Light - reflection, refraction, diffraction and scattering
Brocken Spectre & Glory
Arguably the most sought-after mountain spectacle, named after the German peak Brocken in the Harz mountains, where fogs and easy accessibility combined to create frequent sightings and a local legend.
The Brocken Spectre appears when the sun - or any strong light source - is behind the observer, causing an apparently magnified shadow of their body to be cast onto any cloud of moisture (low-lying cloud, fog or mist) opposite, forming a ghostly figure. Rainbow-like coloured rings called a glory often encircle the shadow due to backscattered water droplets.

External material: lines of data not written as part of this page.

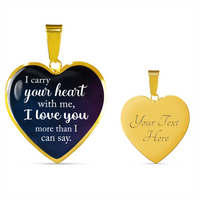 Load image into Gallery viewer, I carry your heart with me - Graphic Heart Necklace - JustFamilyThings
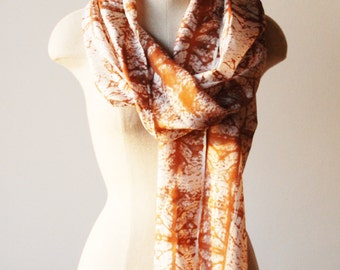 silk scarf, hand printed, hand dyed, hand painted, unique scarf, copper scarves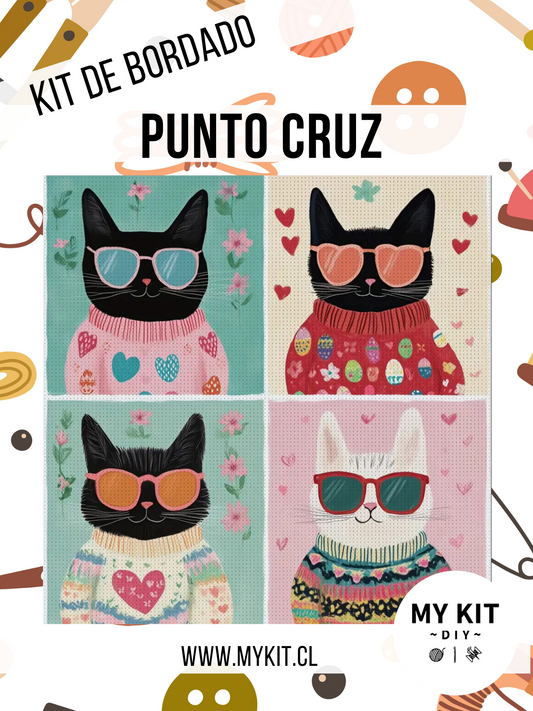 Kit punto cruz - Gatitos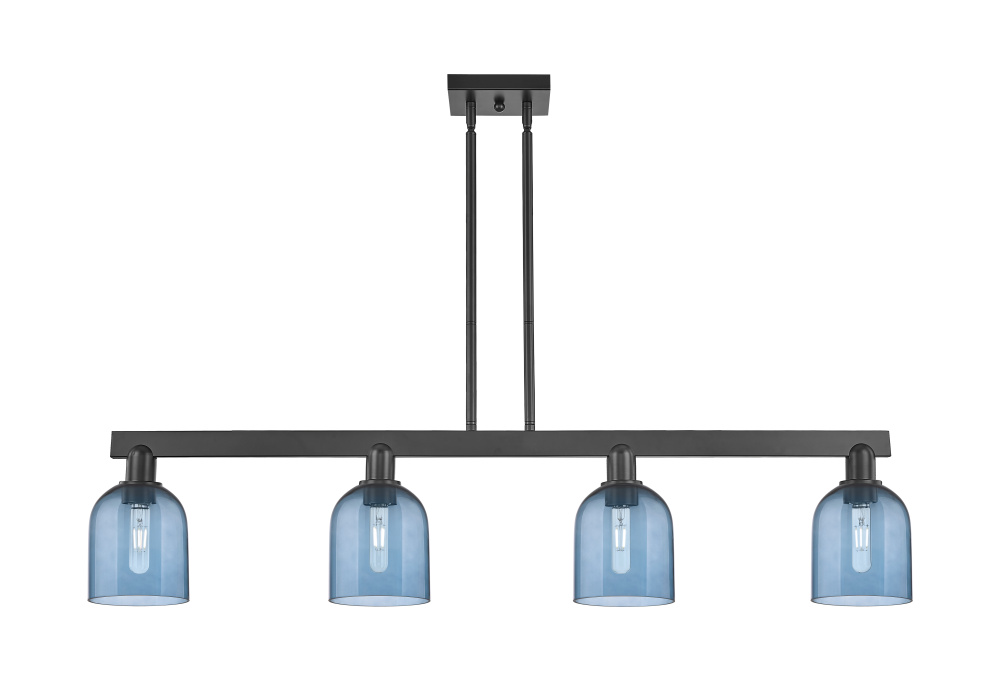 Bella - 4 Light - 48 inch - Matte Black - Stem hung - Island Light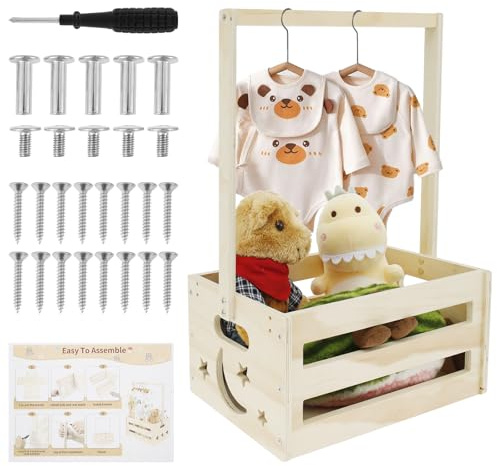 Harupink babykorg i trä, present med handtag, babykorg, presentkorg, nyfödd babyshower, 33 × 17 × 23 cm, babyshower, tvättkorg för födelsedagar, babyparty, gåva, jul, nya föräldrar (D)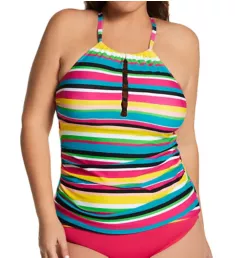 Plus Size Lawn Chair High Neck Tankini Swim Top Multi 16W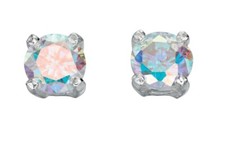 Claw Set Zircon Stud Earrings Sterling Silver 925 Hallmarked Brand New Boxed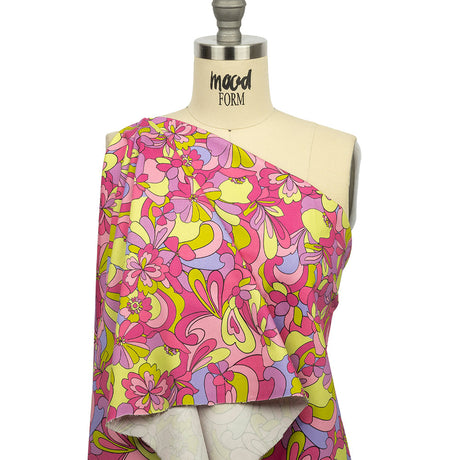 Stretch Cotton Sateen - Pink, Green and Periwinkle Floral - Floral Flow Print - Mood Exclusive Groove Collection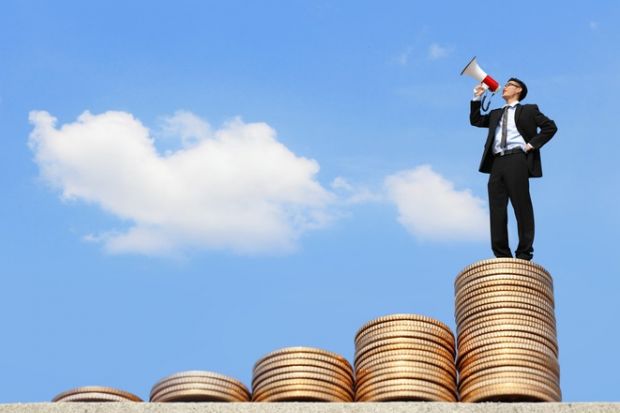 A man with a megaphone at the top of steps of coins, symbolising student loans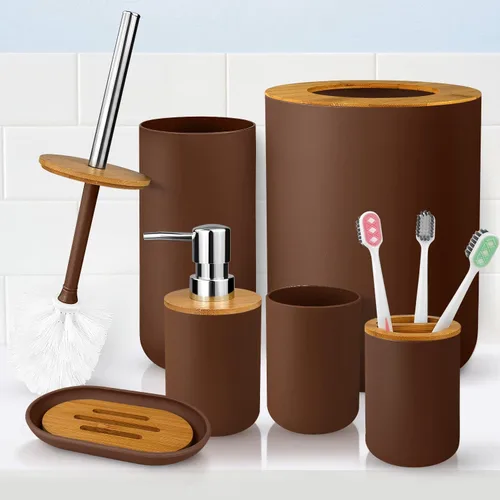 Vista 7 de Juego de 6 accesorios de baño de bambú y plástico, incluye vaso para cepillos de dientes, soporte para cepillos de dientes, dispensador de jabón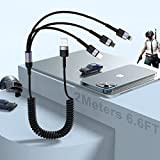 MTAKYI Câble USB Multifonctionnel, Câble De Charge Universel Lightning CarPlay [Certifié MFi 2M] Câble 3 en 1 iPhone Micro USB ...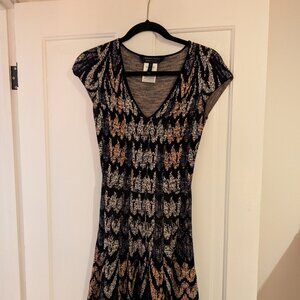 BCBGMAXAZRIA Violet Feather Jacquard A-Line Sweater Dress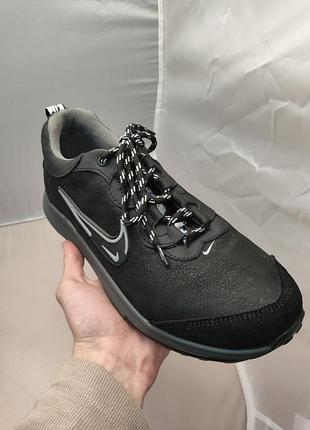 Черные оригинальные кожаные air shield кроссовки nike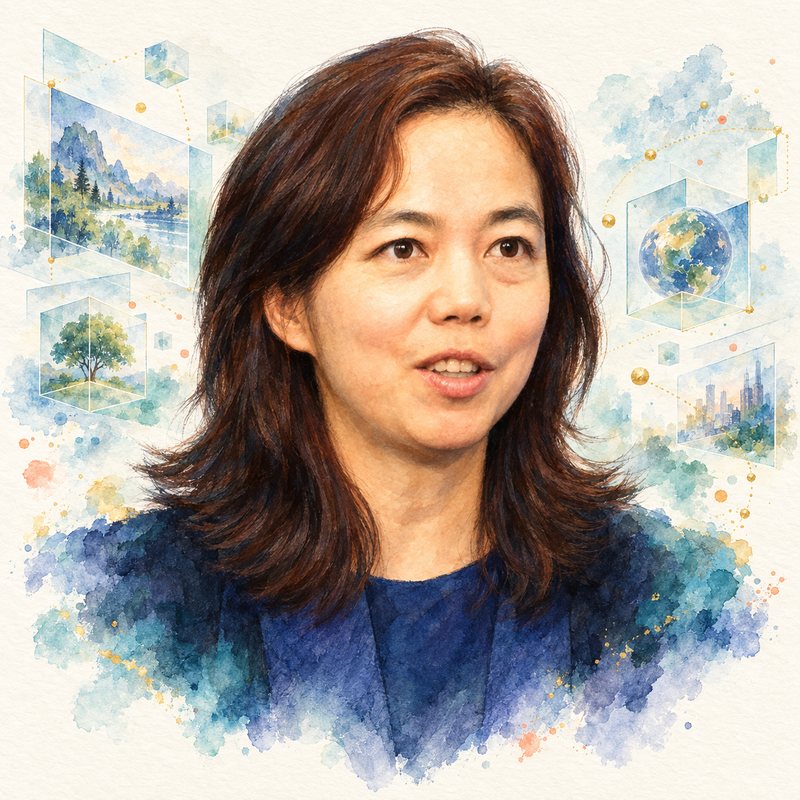 Watercolor portrait of Fei-Fei Li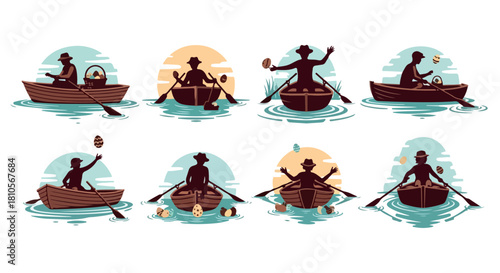 People rowing boats on water with hats and paddles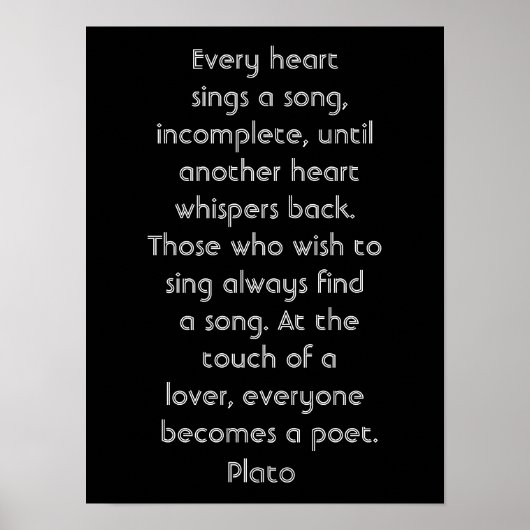 Jedes Herz singt ein Lied - Kunstposter-Plato Zita Poster (Vorne)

In the mountains, they typically occur when a walker or climber is on a summit or ridge above a cloud inversion or fog/mist. These spooky apparitions are thought to have inspired many a mountain myth and legend, including that of the Big Grey Man of Ben Macdui.
Halo
A halo is similar to a glory, but forms through ice crystals rather than water droplets. They usually occur high up, near the sun or moon, and appear as white rings or arcs, sometimes leading to phenomena such as sun dogs (parhelia, false suns), 22° halos and light pillars.
Ice crystals in plate-like form can fall horizontally and sunlight diffracts at an angle such that an observer sees two 'false suns' either side of the real sun, often connected by a halo of light.
In a mountain environment, the presence of ice crystals can create light shows ranging from the glitter-like 'diamond dust' (tiny sparkly ice crystals that fall through the air), to pillars of light, to these spectacular sun illusions high above summits.
Rain/Fog/Moon Bows
There's no need to explain these beloved sky spectacles in great detail, but the meteorological conditions in mountains can make them both more frequent and photogenic. Being on a cliff-side just makes it a bit more awkward to go looking for that pot of gold...
Rainbows occur when sunlight is reflected, refracted and dispersed in water droplets, separating white light into different colours to create a multicoloured arc. Bonus points for spotting double rainbows - when a second rainbow is visible, colours reversed - or supernumaries, when an extra coloured fringe on the violet end of the rainbow forms due to small raindrops.
Fog bows, often called white rainbows, lack the colour spectrum of rainbows due to diffraction by smaller water droplets, although there are usually faint red and blue bands on the outside and inside of the arc respectively.
A moon bow forms in the same way as a rainbow, but its light source is moonlight rather than direct sunlight.
Fata Morgana
A rare sight, this unusual mirage phenomenon occurs just above the horizon when light is bent as it passes through a thermal inversion with air layers of different temperatures in an atmospheric duct. Ships, icebergs, mountains and other objects can appear to be floating on the horizon, often upside down or just downright distorted, while the image shifts constantly.
The term means Morgan the Fairy in Italian, named after Morgan le Fay in Arthurian legend, as frequent mirages observed in the Strait of Messina were believed to have been conjured by the fairy.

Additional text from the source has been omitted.